There's a new startup in town that's aiming to take the pressure of the home buying process by letting people cut out the middleman – or in other words, the real estate agent.
Open Listings points out that two-thirds of the residential real estate market involves repeart buyers, which means that not everyone might need the services of an agent. Instead, Open Listings is touting a self-service platform with human experts available on-demand for when their expertise is really needed. It charges a flat rate fee, which means buyers can save themselves a good chunk of the standard three percent agent commission.
Open Listings believes the real estate market is spiralling out of control and that commissions are becoming overly expensive as they rise with the cost of homes.
“With technology today, you can find the house you want and know the price is good. But what you can’t do is buy the house without an agent,” said Open Listings co-founder Judd Schoenholtz to Techcrunch. “You’re doing 80 percent of the work, but you’re required to have an agent present.”

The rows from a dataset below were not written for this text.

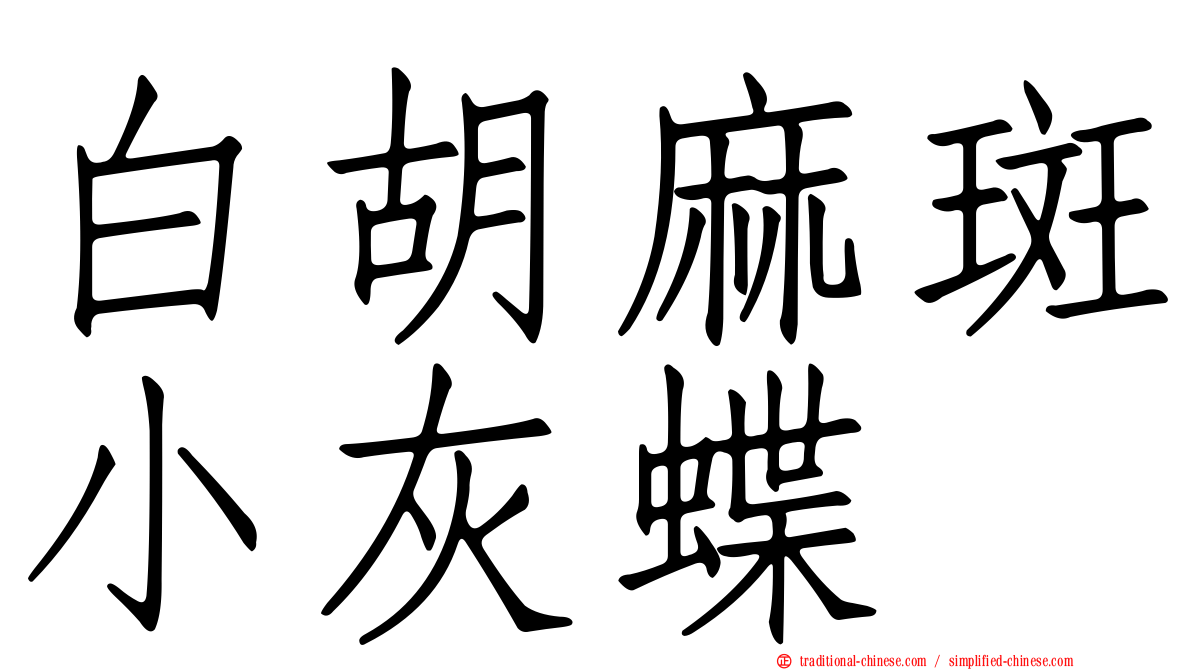 白胡麻斑小灰蝶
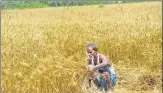  ?? FILE ?? Wheat is currently being harvested in Punjab, Haryana, Uttar Pradesh, Rajasthan and Madhya Pradesh.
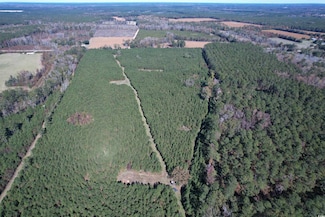 57.40 Acres-TBD Cade Rd, Cades, SC 29518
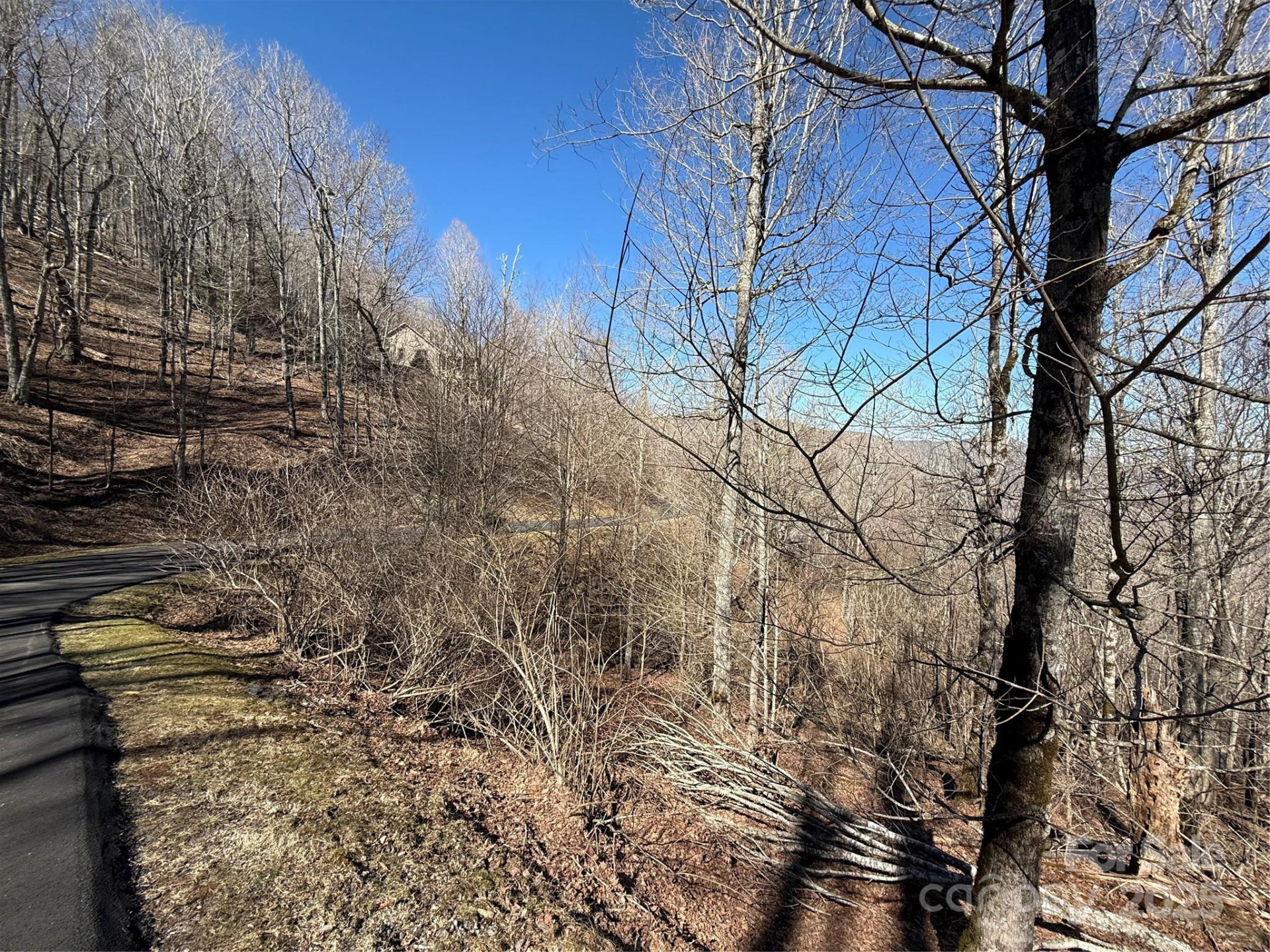 000 Running Cedar Lane #31 - Photo 8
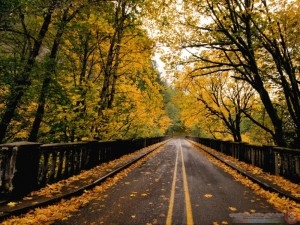 landscapes_nature_trees_autumn_1024x768_wallpaperhi.com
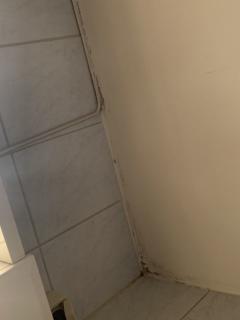 Image from job nr 2
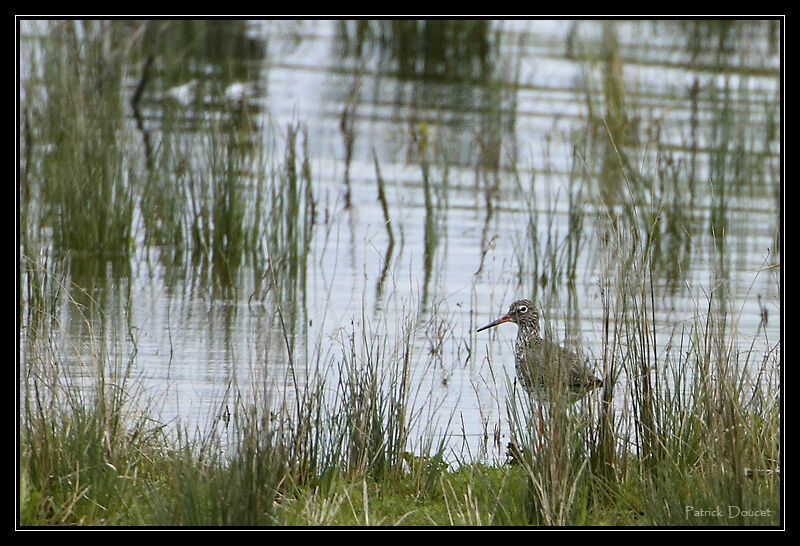 Common Redshank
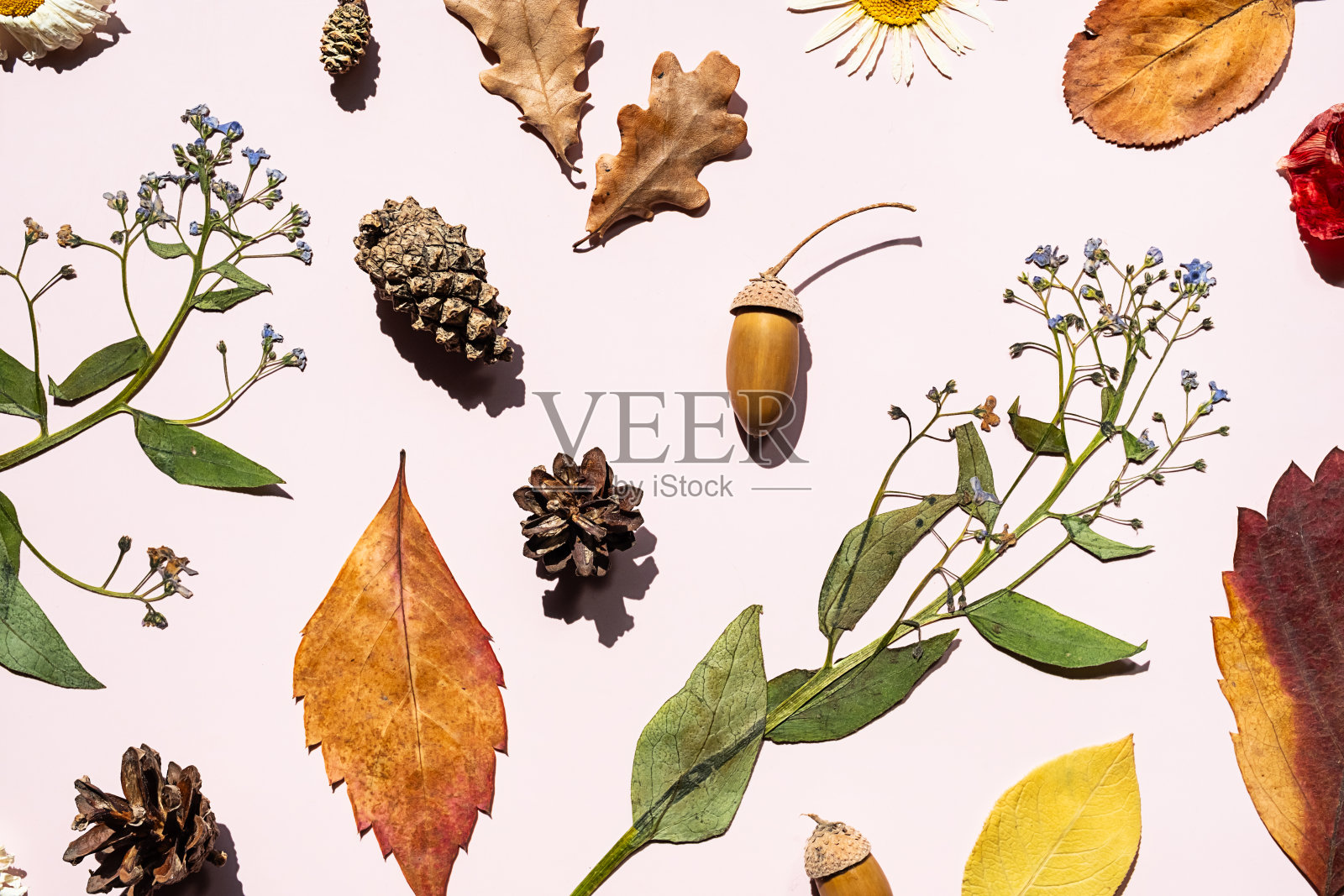 秋天的树叶和干燥的自然元素在浅色的背景。照片摄影图片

Using Open Listings, it's possible to start with or without a particular home in mind. Simply search for a home from their listings, or find one using other sites and applications. Open Listings provides an in-house team who can organize viewings and they can also show clients what a competitive value for each property they're interested in should be.
Once you've found a home, you can make an offer directly through the site and Open Listings will submit it to the seller. The service is totally free until the sale has been made – only then will you be charged the flat $5,000 fee.
According to Schoenholtz, Open Listings isn't really a competitor to OpenDoor, a service that recently raised $20 million. Open Door is designed to serve sellers in underserved markets, whereas Open Listings is focused on busy markets like California.